Musician, producer, and songwriter Johnny Otis was born in the nondescript central-California city of Vallejo, but his life story is pure LA. By that I don’t mean he’s a small-town boy who ended up in Hollywood and became a star, though that’s certainly true. A multifaceted force in the music business for some sixty years, Otis started out in swing bands in the late 1930s and wound up shaping the popular music that came after, most notably R&B. Otis legitimized the ideal of a West Coast melting pot in that he was multicultural, professionally and personally, long before multicultural became a popular term.
The son of Greek immigrants (he was born John Veliotes), Otis was profoundly influenced by the rhythm and energy of black American music, so much so that he adopted black people and culture as his own. He did this seriously—not as a voyeur or thrillseeker (he called it being “black by persuasion”)—and in ways that went far beyond music. Otis marched for civil rights, wrote a weekly column for a black newspaper, and tirelessly promoted black artists he felt were under-valued and exploited by white-owned record labels.
In Midnight at the Barrelhouse, George Lipsitz, a professor of black studies and sociology at UC Santa Barbara, gives Otis his due. That this is the first biography of the man, who was born in 1921, says volumes about the critical neglect of West Coast jazz in general and Otis in particular. With passion but academic measuredness, Lipsitz portrays Otis as a complex person who saw himself as a small part of a much bigger picture. The book opens with a distraught Otis driving through the ruins of Watts during the racial unrest of 1965; Watts and neighboring South Central Los Angeles were touchstones for Otis, the black part of town where he co-owned and performed at a club called the Barrelhouse. It was foolhardy for anybody white to drive into Watts on that fateful August afternoon when it erupted into flames, but Otis did, not because he thought he transcended whiteness but because this was his home and these were his people.

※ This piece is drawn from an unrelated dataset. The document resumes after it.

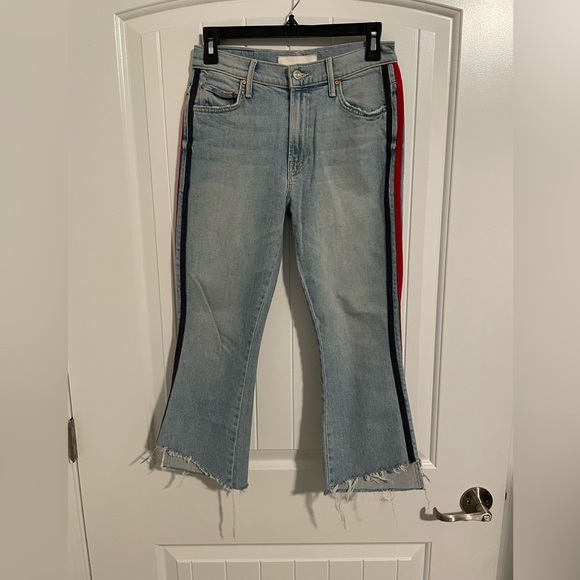 Mother Superior insider crop step fray racer stripe denim size 25 - Picture 3 of 8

Otis comes off as warm and generous but also salty and impolitic, certainly in terms of the racial etiquette of his times. As a white bandleader and advocate for social justice, Otis experienced overt racial hostility right along with his musicians, both on the road and at home (black musicians called LA “Mississippi with palm trees”). But it wasn’t all struggle. Otis was, after all, successful; his R&B band had one of the biggest hits of early rock ’n’ roll with “Willie and the Hand Jive.” Always on the lookout for talent, he jump-started the careers of Jackie Wilson, Etta James, and Big Mama Thornton.
Although Lipsitz’s sociologist-speak bogs things down in spots, that doesn’t dim his portrait of Otis as an artist of great imagination and even greater racial courage and conviction. If Otis had any doubts about the authenticity of his own life, they were put to rest during that nightmarish drive through Watts. Lipsitz writes that “amid the frightening sounds of windows breaking, objects striking automobiles and police car and fire engines wailing,” a hefty black woman flagged Otis down and leaned into his car window. He expected the worst, but the woman only greeted him calmly—“as if they were in the middle of a picnic”—and asked him where his band was appearing next. That bizarre moment captures the essence of Otis’s legacy: even in the most uncertain times, an expectation of the next big thing.